Yalnızca bunun için bile Ahmet Yavuz'a ve onu eline kalem almaya ikna edenlere teşekkür etmeye değer;
İyi ki "Sessiz Çığlık" protestolarının müdavimlerinden Mevci Özkan "kim yazacak bunları" diye sormuş, iyi ki Meriç Velidedeoğlu gayrete getirmiş, iyi ki Halup Hepkon teşvik etmiş, Soner Yalçın katkısını esirgememiş de eli yüzü düzgün, derinlikli, bilgiye dayalı bir "ileri demokrasi hayalinden darbe gerçeğine" analizi sunulmuş sonunda okuyucuya.
****
Dün, kitabından yaptığım başka bir alıntı vesilesiyle bahsetmiştim Ahmet Yavuz'dan;
Balyoz kumpası mağdurlarından, "asrın iftirası" çöküp de beraat ettikten sonra da mücadeleyi bırakmayan, "rejim"in oylandığı 16 Nisan referandumu öncesi "Hayır'lı Konvoy" ile Anadolu yollarını arşınlayan bir Türk askeri.
Vesayet Savaşları, adından da anlayabileceğiniz üzere, Cumhuriyet üzerinde kendi egemenliğini oluşturmak, vesayet kurmak isteyen güçler arasındaki rekabetin özeti.
"Askeri Vesayet" velev ki var(dı)... Hadi diyelim bu "suçlama"da bulunanlar haklı... Velev ki iktidar her ne yaptıysa memleketi "askeri vesayet"ten kurtarmak için yaptı... İşte bu noktada es geçilen kritik bir sorgulamaya yer veriyor Yavuz kitabında:
"Askeri vesayetin kaldırılmasının yol açtığı sonuçlar!"
Mesela, hendeğe düşürüldüğümüz "Açılım süreci"...
Mesela, bataklığa gömüldüğümüz "Suriye politikası"...
Mesela, "FETÖ"nün darbeye girişecek denli palazlanabilmesi...
Özetle dediği şu:
"Askeri vesayetin varlığının demokratik gelişmeyi engellediği varsayımı genel bir kabul görse de, yokluğunun da kimi antidemokratik gelişmelerin önünü açtığı ve ülkeye pahalıya mal olduğu bir olgu olarak karşımıza çıkmış durumda!"

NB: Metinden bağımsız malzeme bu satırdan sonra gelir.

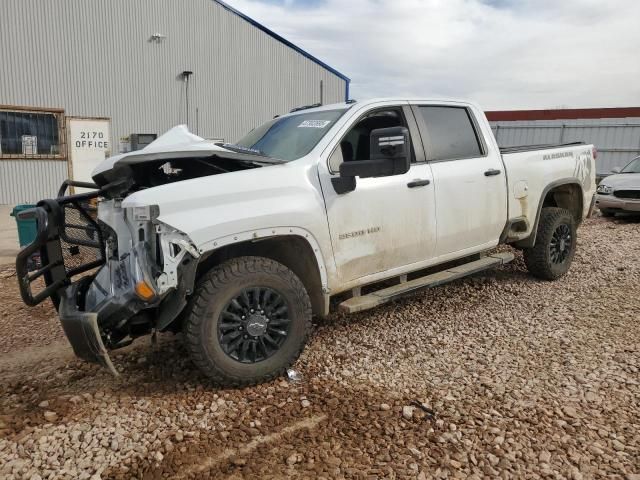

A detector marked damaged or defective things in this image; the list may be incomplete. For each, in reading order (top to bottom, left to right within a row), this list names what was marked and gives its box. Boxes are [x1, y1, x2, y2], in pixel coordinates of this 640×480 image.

Ülkeye pahalıya mal oldu diyor ama "fatura" çıkarmak için erken olduğunu düşünüyor. Tezine göre, "Yeni vesayetin niteliği, Anayasa değişikliklerinin tümüyle yürürlüğe girmesinden sonra netleşecek. Üstelik inşa edilmekte olan hiç de yarım yamalak bir askeri vesayete benzemeyecek ve toplum yeni vesayeti iliklerine kadar hukuksuzluk olarak hissedecek..."
Çalakalem değil her kelimesi "nereye varabileceği" düşünülerek yazılmış, başta "15 Temmuz"a dar da olsa bir kesimin "bilgisi dahilinde" yol verilip/verilmediği meselesi olmak üzere birçok konuda çarpıcı iddiaları olan, besleyici, en önemlisi eleştirisi de, özeleştirisi de olan "adil" bir kitap; gönül rahatlığıyla tavsiye ederim.